L’Iss national laboratory, in collaborazione con la Nasa e altre compagnie private, ha già avviato studi traslazionali mirati a cancro, malattie cardiovascolari e medicina rigenerativa. Queste iniziative non sono isolate: fanno parte di una rete crescente di partenariati pubblico-privati che vedono la Leo come una nuova frontiera per la R&S. Guardando al futuro, il ruolo dello spazio nella ricerca farmaceutica è destinato ad ampliarsi notevolmente. L’innovazione tecnologica, grazie ai progressi in intelligenza artificiale, biotecnologia e nanomateriali avanzati per la drug delivery, richiede infatti terreni fertili come lo spazio per realizzare pienamente il suo potenziale. Stiamo già assistendo alla nascita di pipeline farmaceutiche spaziali in cui scoperta precoce, modellazione e test preclinici saranno condotti in microgravità prima di passare a studi terrestri, e abbiamo già degli esempi di nuove terapie per il cancro e per le patologie neurodegenerative. La progettazione sperimentale guidata dall’IA ottimizzerà questi studi in tempo reale, riducendo i rischi e migliorando l’efficienza.

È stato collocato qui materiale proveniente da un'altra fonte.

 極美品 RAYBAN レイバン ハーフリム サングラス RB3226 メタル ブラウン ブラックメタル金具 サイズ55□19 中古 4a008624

Nel prossimo decennio la bioproduzione in orbita diventerà un componente critico dei sistemi di produzione. Infatti, sono in fase di sviluppo bioreattori in microgravità a bordo della Iss allo scopo di ottenere prodotti biologici con maggiore purezza e resa, per terapie rigenerative cellulari e tissutali che andranno a sopperire alla carenza di donatori per trapianti. Dal punto di vista commerciale, la R&S spaziale sta attirando capitali di rischio e investimenti strategici. La visione di un’economia oltre la Terra dove scienza, industria ed esplorazione convergono, sta guadagnando slancio. La R&S farmaceutica, spesso ostacolata da lunghi tempi e alti tassi di insuccesso, trarrà enormi vantaggi dalle capacità uniche dello spazio. Tuttavia, per realizzare questo potenziale è necessario un supporto sistemico: quadri normativi per i dati clinici spaziali, linee-guida etiche per la sperimentazione oltre la Terra e infrastrutture robuste per garantire una scienza replicabile e scalabile. Formare la prossima generazione di scienziati, ingegneri e astronauti-scienziati sarà altrettanto fondamentale.
Lo spazio non è più solo per gli astronauti e i satelliti. È un laboratorio emergente, una fabbrica e un incubatore biotecnologico per le scoperte biomediche di domani. La microgravità è il vero acceleratore dell’industria biotech. Gli scorsi decenni ci hanno mostrato la promessa, oggi stiamo costruendo la realtà e il futuro punta verso un ecosistema di R&S biomedica pienamente integrato tra Terra e orbita. Lo spazio è un elemento-chiave della quarta rivoluzione industriale; accelera la scoperta e l’innovazione, riducendo i rischi dello sviluppo e aprendo nuovi paradigmi nella medicina personalizzata e di precisione. Non è più questione se lo spazio influenzerà il futuro della biomedicina, ma di quanto rapidamente sapremo sfruttare a pieno il suo potenziale.